Jeremy T. Vickers, 36, of Summerville, formerly of Point Pleasant, was sentenced Jan. 17 by U.S. District Judge Robert C. Chambers. Vickers pleaded guilty in October, admitting he had submitted false and fraudulent payment vouchers for reimbursement for court-appointed defense work.
Since 2004, the defendant practiced law in Point Pleasant. Among other types of cases, Vickers represented indigent clients in state criminal matters pending in Mason, Jackson and Roane counties.
At the conclusion of each case, Vickers routinely submitted a payment voucher form to the respective circuit court judge for approval. The judge reviewed the payment voucher and signed a court order authorizing payment. Vickers then submitted the court order to the West Virginia Public Defender Services for payment.
Typically, the WVPDS took several months or more to reimburse Vickers.

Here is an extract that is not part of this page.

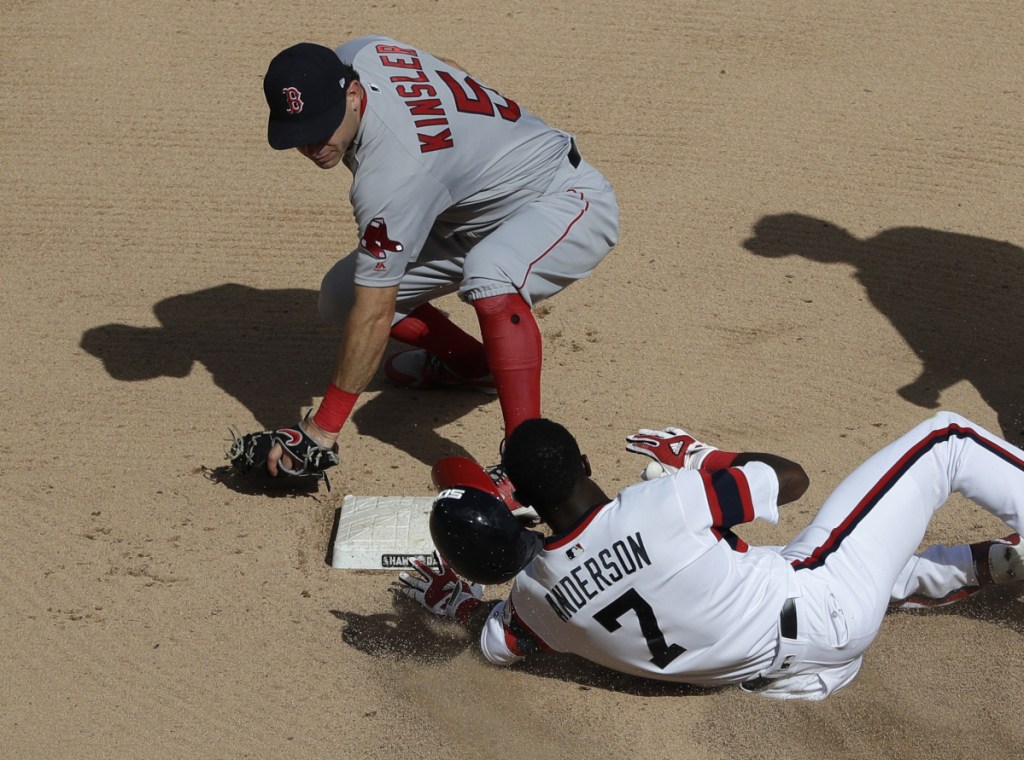Chicago White Sox's Tim Anderson (7) slides safely into second base after hitting a double as Boston Red Sox second baseman Ian Kinsler applies a late tag during the sixth inning of a baseball game Sunday, Sept. 2, 2018, in Chicago. (AP Photo/Nam Y. Huh)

Vickers entered into a cash-advance agreement with Huntington-based Attorney Finance Corporation ("AFC") to expedite his reimbursement payments. In exchange for prompt payments less a small percentage, Vickers assigned his right to full payment from WVPDS to AFC.
In essence, once Vickers received the court order approving his payment voucher for a particular case, he would fax a copy of the order to both WVPDS and AFC. AFC would then wire Vickers the reimbursement less a percentage that same day or the next day. When WVPDS eventually processed the same payment voucher, WVPDS would pay AFC directly the full amount.

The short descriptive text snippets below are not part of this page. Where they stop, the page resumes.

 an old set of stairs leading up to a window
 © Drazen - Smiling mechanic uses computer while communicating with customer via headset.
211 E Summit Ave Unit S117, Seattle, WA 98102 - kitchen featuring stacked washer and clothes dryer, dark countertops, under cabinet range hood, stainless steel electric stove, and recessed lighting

Beginning in the fall of 2008 through at least July 2010, Vickers began falsely inflating the hours he worked on indigent criminal cases. Vickers admitted that for at least 173 days, he billed more than 24 hours of legal work. He was paid by AFC for those days. When WVPDS processed the bills months later, the discrepancy came to light.
WVPDS confronted Vickers regarding the excessive billing and froze any further payments.
Vickers further admitted that he continued to obtain approved payment vouchers from the circuit court, which he subsequently faxed to AFC for payment. Vickers also admitted that he avoided detection of the scheme by purposely failing to send the payment vouchers to WVPDS.
As a result, AFC was not reimbursed for their advance payments to the defendant.
In total, Vickers fraudulently obtained $221,740.43 from AFC.
The charges against Vickers arose out of an investigation by the West Virginia Commission on Special Investigations into false and fraudulent billings submitted by attorneys for services performed in appointed criminal matters.
Assistant U.S. Attorney Thomas C. Ryan handled the prosecution.